View larger version (28K): [in a new window]   Fig. 6. Elongation of the leech body plan from teleoblasts. (A) The teleoblasts of the leech (annelid) embryo produce elongating germinal bandlets through the sequential production of blast cells by highly unequal divisions. On each side, four ectodermal bandlets (N, O/P and Q) come into lateral apposition, while the mesodermal (M) bandlet comes into apposition from beneath. The five bandlets form the germinal band, which extends across the embryo (arrow, A) as bandlet cells are added posteriorly by highly unequal cell divisions of the parent teloblasts. The germinal bands anneal with their contralateral partner in a rostrocaudal sequence at the midline to form the germinal plate. (B,C) As the germinal bandlets extend by cell division and anneal, they, and the micromere cap overlying them, expand over the surface of the embryo in epiboly (B, curved arrows, early stage 8, animal view; C, late stage 8, rostral view). (A) Reproduced, with permission, from Nelson and Weisblat (Nelson and Weisblat, 1991); (B,C) reproduced, with permission, from Smith et al. (Smith et al., 1996). Asterisks indicate apposition of germinal bands.

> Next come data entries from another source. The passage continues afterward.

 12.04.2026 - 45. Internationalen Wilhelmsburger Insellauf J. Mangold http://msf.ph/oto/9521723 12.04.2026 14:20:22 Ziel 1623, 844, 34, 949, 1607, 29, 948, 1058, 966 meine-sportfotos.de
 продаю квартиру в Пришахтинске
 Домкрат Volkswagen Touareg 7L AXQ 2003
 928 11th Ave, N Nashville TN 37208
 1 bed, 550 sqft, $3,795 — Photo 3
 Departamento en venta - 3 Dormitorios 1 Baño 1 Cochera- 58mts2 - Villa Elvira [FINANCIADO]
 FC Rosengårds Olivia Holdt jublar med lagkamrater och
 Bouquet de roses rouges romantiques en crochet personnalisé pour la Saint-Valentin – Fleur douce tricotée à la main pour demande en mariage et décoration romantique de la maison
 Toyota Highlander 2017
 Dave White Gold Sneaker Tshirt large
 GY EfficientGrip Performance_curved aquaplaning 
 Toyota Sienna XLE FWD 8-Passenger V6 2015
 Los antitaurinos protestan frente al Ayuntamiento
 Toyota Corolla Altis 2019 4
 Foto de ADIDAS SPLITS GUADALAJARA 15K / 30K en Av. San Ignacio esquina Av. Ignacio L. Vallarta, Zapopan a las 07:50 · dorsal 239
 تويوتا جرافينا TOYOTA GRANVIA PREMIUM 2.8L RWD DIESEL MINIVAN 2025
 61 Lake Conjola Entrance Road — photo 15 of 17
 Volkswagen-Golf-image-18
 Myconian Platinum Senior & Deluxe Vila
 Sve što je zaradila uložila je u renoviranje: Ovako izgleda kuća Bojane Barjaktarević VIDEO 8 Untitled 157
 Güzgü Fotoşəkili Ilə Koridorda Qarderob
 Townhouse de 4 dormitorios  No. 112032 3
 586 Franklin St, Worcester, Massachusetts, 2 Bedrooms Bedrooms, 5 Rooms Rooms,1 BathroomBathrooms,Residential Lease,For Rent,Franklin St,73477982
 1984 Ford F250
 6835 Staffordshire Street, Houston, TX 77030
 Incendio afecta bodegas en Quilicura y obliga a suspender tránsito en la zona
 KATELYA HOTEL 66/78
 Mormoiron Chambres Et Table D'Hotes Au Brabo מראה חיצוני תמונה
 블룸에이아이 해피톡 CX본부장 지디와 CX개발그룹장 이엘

View larger version (82K): [in a new window]   Fig. 7. Pronephric duct formation and posterior elongation in the urodele amphibian. (A) Dye marks (red) placed across the duct (dark gray) and adjacent tissues at the early tailbud stage show posterior extension of the duct by the late tailbud stage, rather than development in situ from underlying mesoderm. (B,C) Scanning electron micrographs (SEMs) show the posterior end of the pronephric duct at mid-tailbud (B), and the overlapping of anterior cells on more posterior ones (C, arrows). (D) SEM showing protrusions of pronephric duct cells attached to underlying intermediate mesodermal cells (arrows). Posterior is to the left in A and to the lower left in B. (A) Adapted, with permission, from Poole and Steinberg (Poole and Steinberg, 1981); (B-D) adapted, with permission, from Poole and Steinberg (Poole and Steinberg, 1977).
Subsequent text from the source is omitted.